How To Admin my Home Mac from Work Windows! Proxies and Firewalls Everywhere!

  • I need a little help setting up remote admin (VNC) access for Mac OS X 10.4.10 from a Windows client at work. Firewalls on both ends, significant port restrictions at work, and FYI, I've googled this into the ground. The closest I've come to something useful is http://www.macosxhints.com/article.php?story=20051102173302946&query=remote%2Badmin%2Bwindows%2Bmac http://www.macosxhints.com/article.php?story=20070302234400232&query=mac%2Bos%2Bport%2Bforwarding and http://www.macosxhints.com/article.php?story=20050429153115383 on MacOSXHints.com, but a lot (read: most) of the crucial concepts are just not sinking in for some reason. Hope Me! Here's my setup: 1 - Mac OS Tiger computer (acting as a file server) in my home router's DMZ with SSH and Remote Access turned on in the Preferences. Complicating note: I'm presenting SSH over both port 22 and port 443 for reason listed below. 2 - Windows XP Pro desktop at work with local system admin privileges in place. I have both Putty and UltraVNC installed and running. Our proxy only allows outbound connections from ports 80 and 443, hence the complication at home. No big deal, only took about 2 hours and much hair pulling to figure out. 3 - Have successfully set up a DynDNS.org account pointing to my home IP, no problem. Right now, I can connect from work with a Putty session via myurl.blah.blah:443 (to get through my proxy) and it works fine. W00t! I'm badly stuck at the next step, though; how do I then successfully connect with a VNC client from work to port 5900 on the home Macintosh? Other notes: I have remote access to my desktop at work via RDP using a Java implementation of a Citrix client, which works fine, so I can accomplish all of my config and testing from home. Which is pretty cool, if you ask me. Thanks in advance, all. (I know I http://www.metafilter.com/activity/26386/posts/ask/ but my life is so much better thanks to ask.me. Y'all rock.)

  • Answer:

    I suggest using http://www.versiontracker.com/dyn/moreinfo/macosx/16699 to serve VNC from the Mac.
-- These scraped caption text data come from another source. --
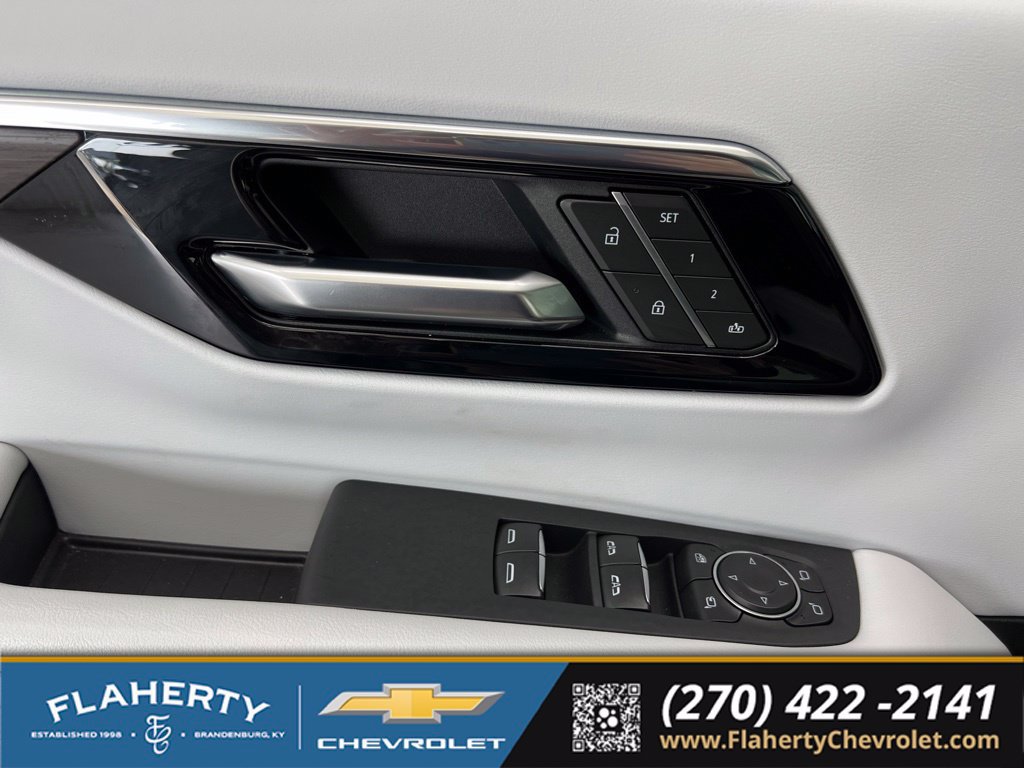 Used 2026 Chevrolet Suburban Premier AWD/4WD image 24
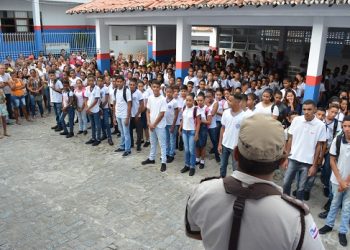 Palestra do comandante do 16º BPM marca início do ano letivo no Cenos, que passa a contar com sistema de ensino dos Colégios da Polícia Militar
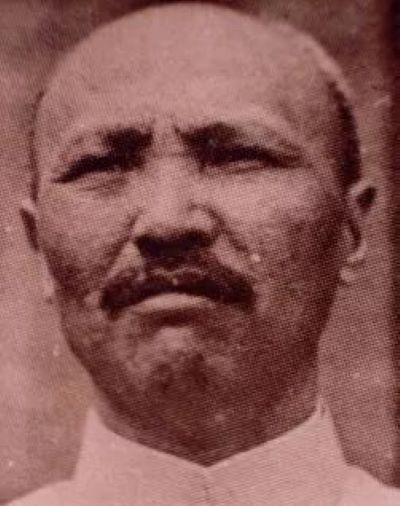 1947年，肖永银活捉孙殿英后，刘伯承就紧急给他发了电报：“孙殿英身边有两个红色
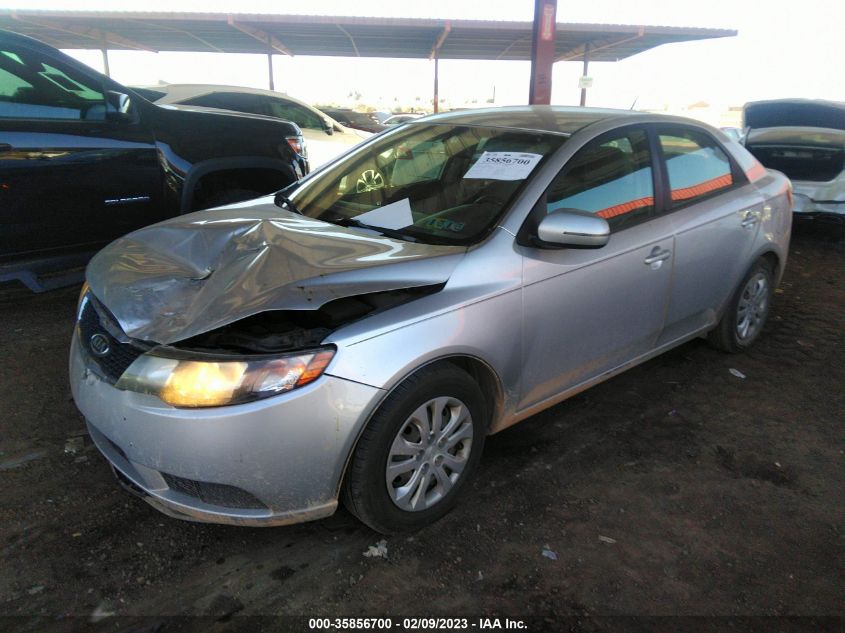 VIN KNAFU4A25D5729607 2013 KIA FORTE no.2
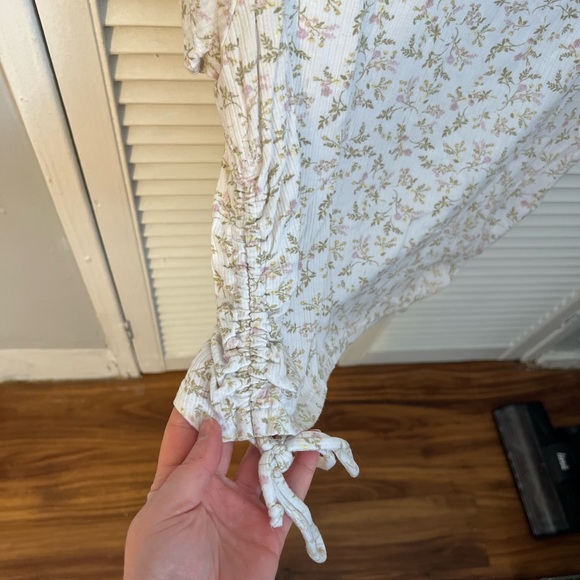 Floral Print White Crop Top Wild Fable Size Large - Picture 3 of 4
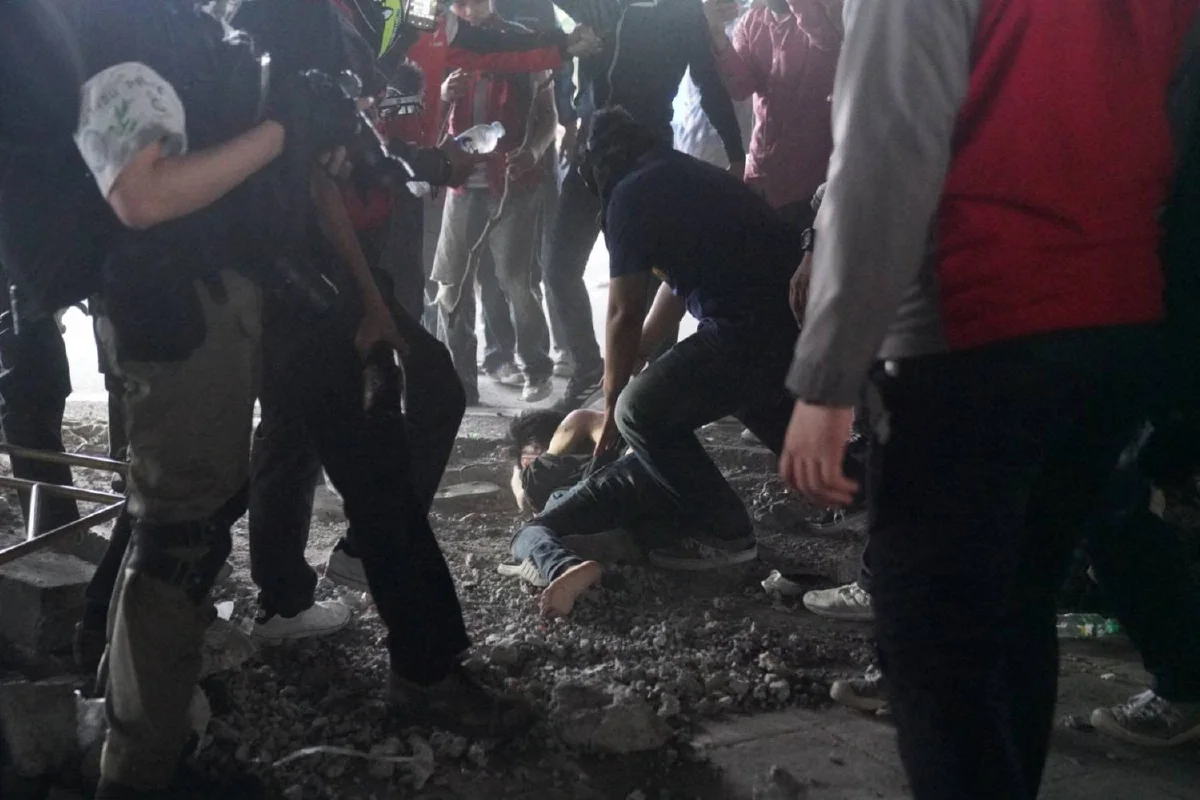 ม็อบเข้าใจผิด รุมยำกันเองที่ดินแดงเจ็บ1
Then you use PuTTY. Set up the host and port under Session, then go to SSH>Tunnels to add source port 5900 (or whatever) and destination localhost:5900 (or whatever port). Then use VNC Viewer on your work computer to connect to "localhost". Affix a port if you used one other than 5900. Let me know if you need more help...I've messed around with this stuff a lot lately.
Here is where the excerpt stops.